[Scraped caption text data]
------
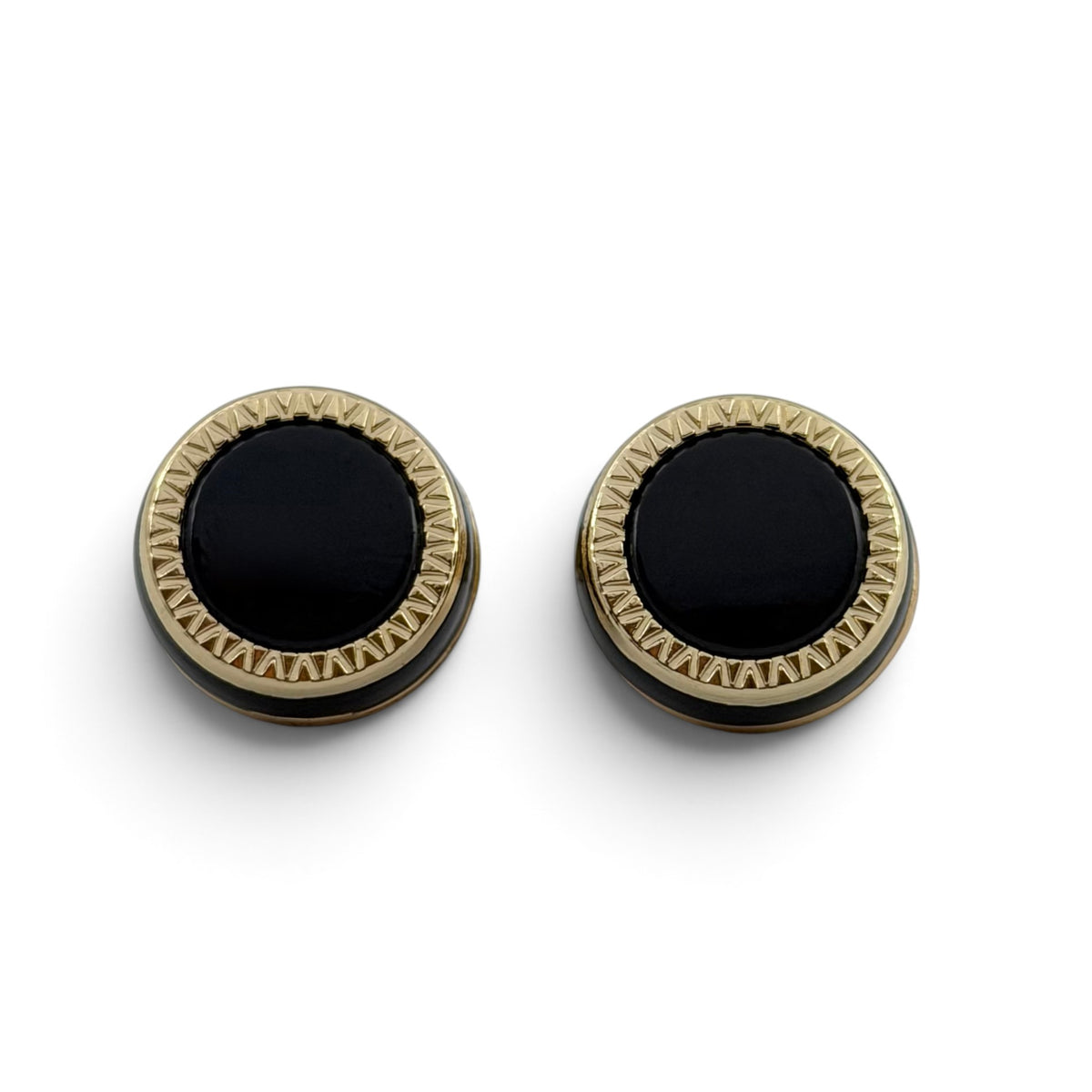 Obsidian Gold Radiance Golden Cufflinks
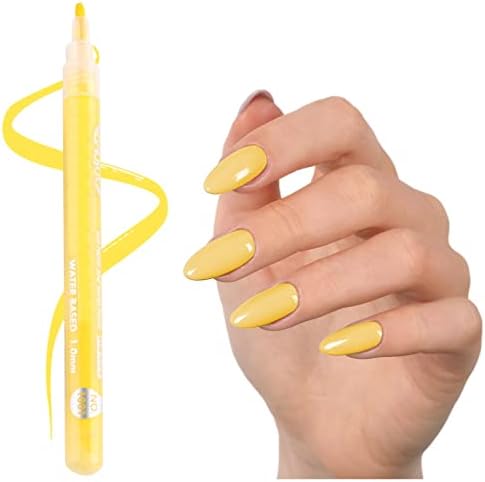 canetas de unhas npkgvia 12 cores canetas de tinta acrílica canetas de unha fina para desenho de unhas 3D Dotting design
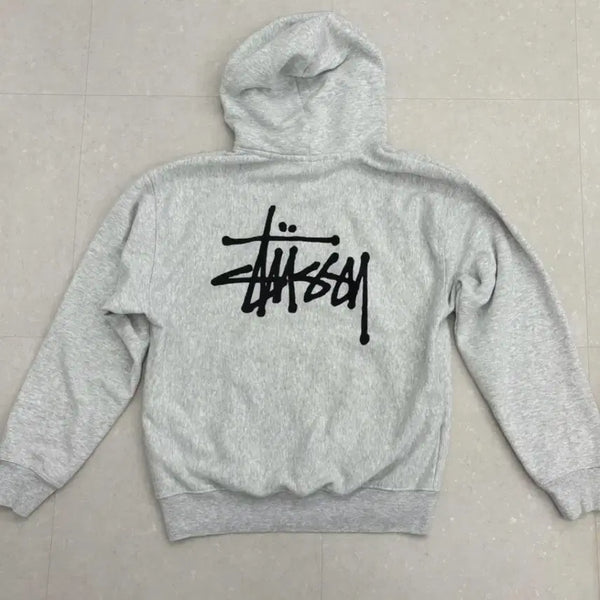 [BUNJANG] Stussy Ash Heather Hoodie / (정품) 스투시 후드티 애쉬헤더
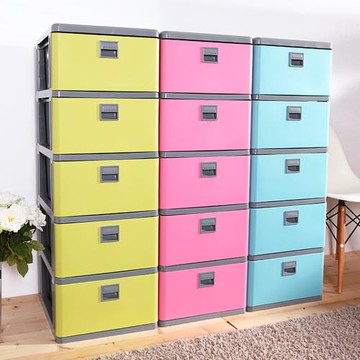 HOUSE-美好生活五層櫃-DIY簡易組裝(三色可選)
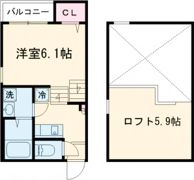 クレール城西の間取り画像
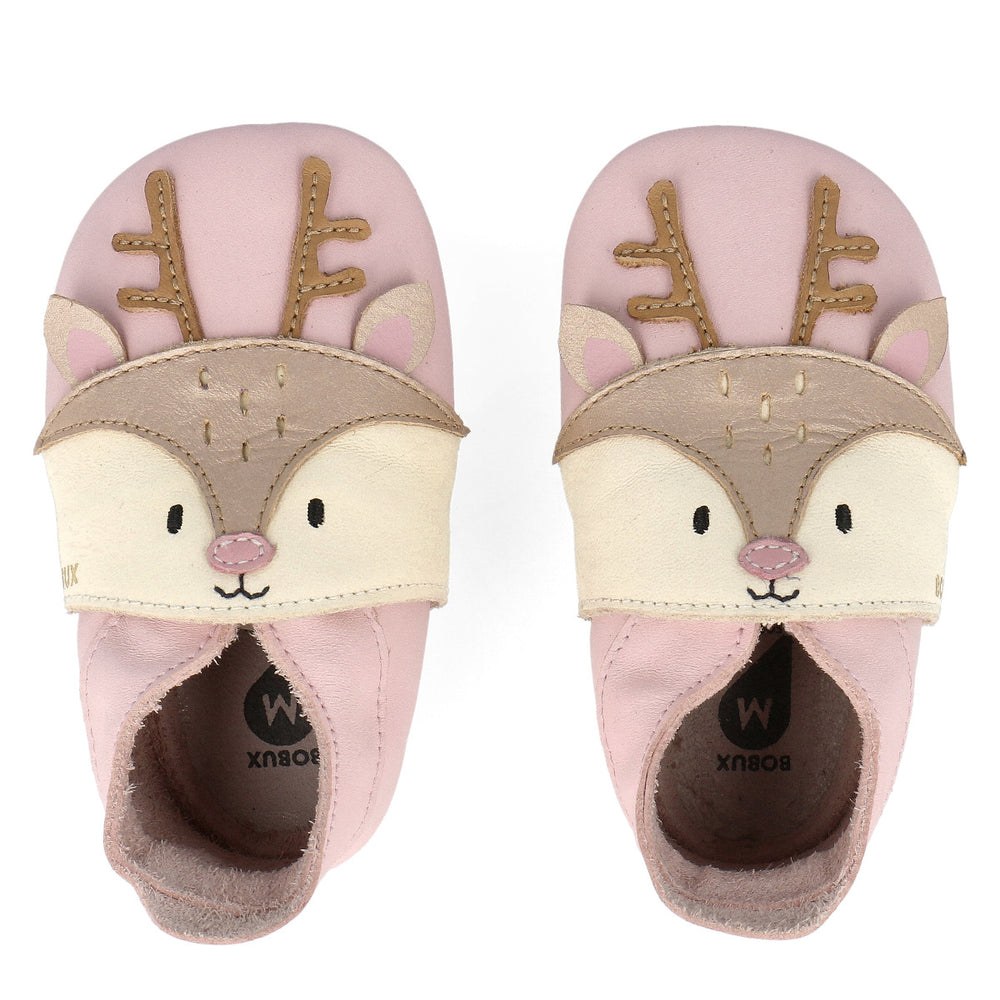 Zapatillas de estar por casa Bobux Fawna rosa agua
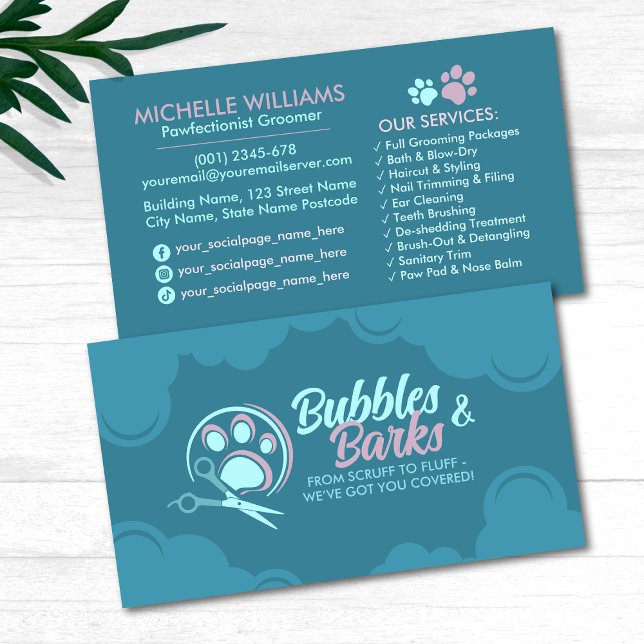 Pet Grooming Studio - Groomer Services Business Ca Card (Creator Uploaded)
------
**Assignment**.
Return the entries above exactly and in full; do not include images.

**Final answer**.
 Obsidian Gold Radiance Golden Cufflinks
 canetas de unhas npkgvia 12 cores canetas de tinta acrílica canetas de unha fina para desenho de unhas 3D Dotting design
 [BUNJANG] Stussy Ash Heather Hoodie / (정품) 스투시 후드티 애쉬헤더
 HOUSE-美好生活五層櫃-DIY簡易組裝(三色可選)
 クレール城西の間取り画像
 Zapatillas de estar por casa Bobux Fawna rosa agua
 Pet Grooming Studio - Groomer Services Business Ca Card (Creator Uploaded)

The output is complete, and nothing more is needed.